Exercise prompt: Repeat the data that follows, word for word, without the images.

Information shown:
********************
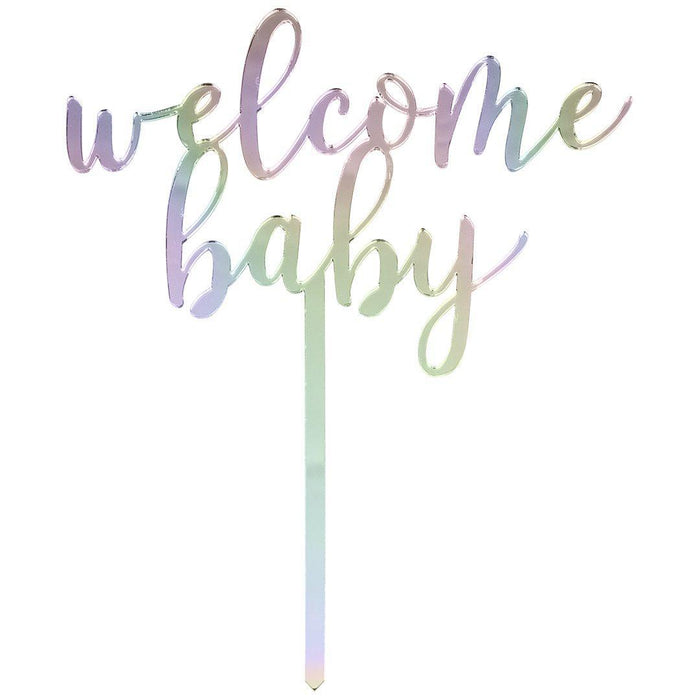 Welcome Baby Mirror Acrylic Cake Toppers-Set of 1-Andaz Press-Iridescent-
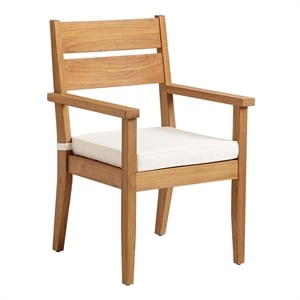 Linon Barlow Teak Outdoor Dining Chair with Arms Removable Cushion in Natural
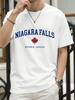 Cascate del Niagara Ontario Canada Stampa Maglietta Per Uomo Moda Estiva Maglietta Cotone Abbigliamento Casual Comoda Morbida Manica Corta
********************
Expected output:
 Welcome Baby Mirror Acrylic Cake Toppers-Set of 1-Andaz Press-Iridescent-
 Linon Barlow Teak Outdoor Dining Chair with Arms Removable Cushion in Natural
 Cascate del Niagara Ontario Canada Stampa Maglietta Per Uomo Moda Estiva Maglietta Cotone Abbigliamento Casual Comoda Morbida Manica Corta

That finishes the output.